Each AI model uses its own tokenizer—the algorithm that splits text into tokens. GPT-4 uses cl100k_base, Claude uses its own tokenizer, and other models have their own systems. The same text can have different token counts across models, affecting both context limits and pricing.

How are API costs calculated? +

AI API pricing is based on tokens processed, typically quoted per 1 million tokens. Input (prompt) and output (completion) tokens often have different prices. Total cost = (input tokens × input price) + (output tokens × output price). Our calculator shows both per-request and estimated monthly costs.

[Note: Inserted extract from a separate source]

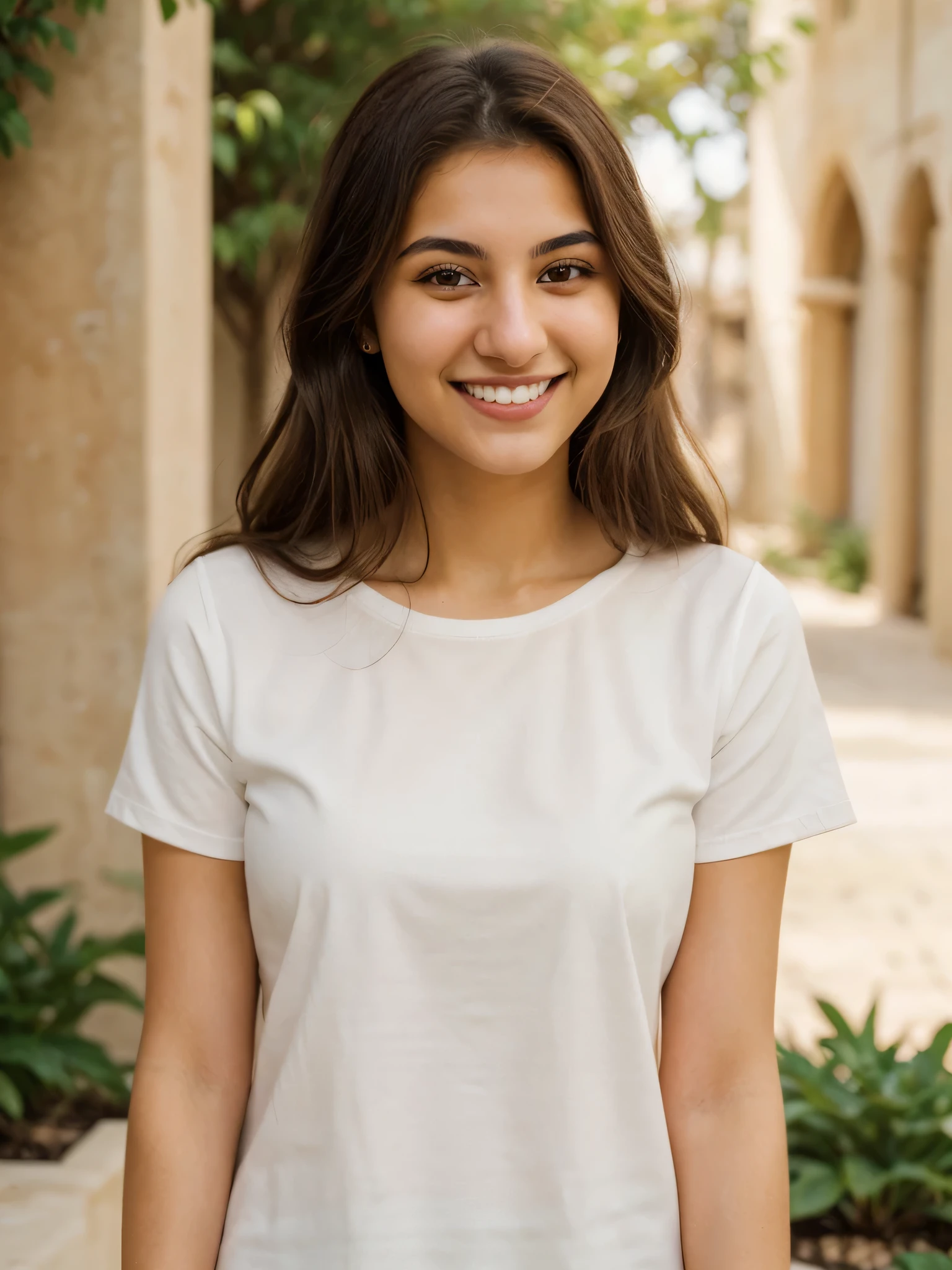 20YO, one women, cute smile, white teethes, white Jordanian, long burnt orange shirt, light brown eyes, small nose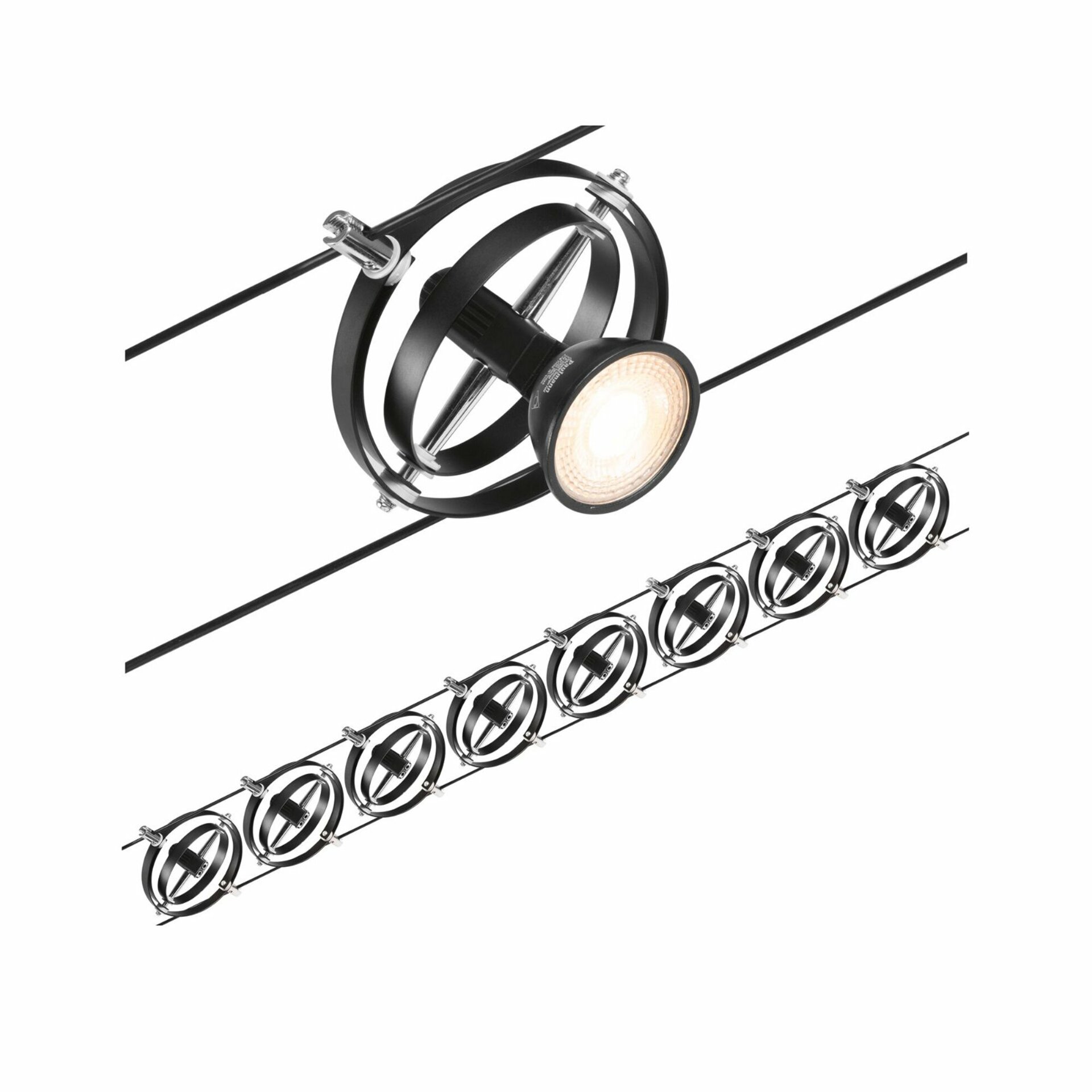 Levně PAULMANN Lankový systém Cardan základní sada GU5,3 max. 8x7,5W 230/12V černá mat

What's the difference between input and output tokens? +

Input tokens are what you send to the model (your prompt, system message, conversation history). Output tokens are what the model generates in response. Most APIs charge different rates for each—output tokens are often 2-4x more expensive because they require more computation.

How can I reduce my token usage and costs? +

Write concise prompts, remove unnecessary context, use shorter system messages, and limit conversation history. Consider using smaller models for simple tasks. Batch similar requests when possible. Cache frequent responses. Use streaming to stop generation early when you have enough output.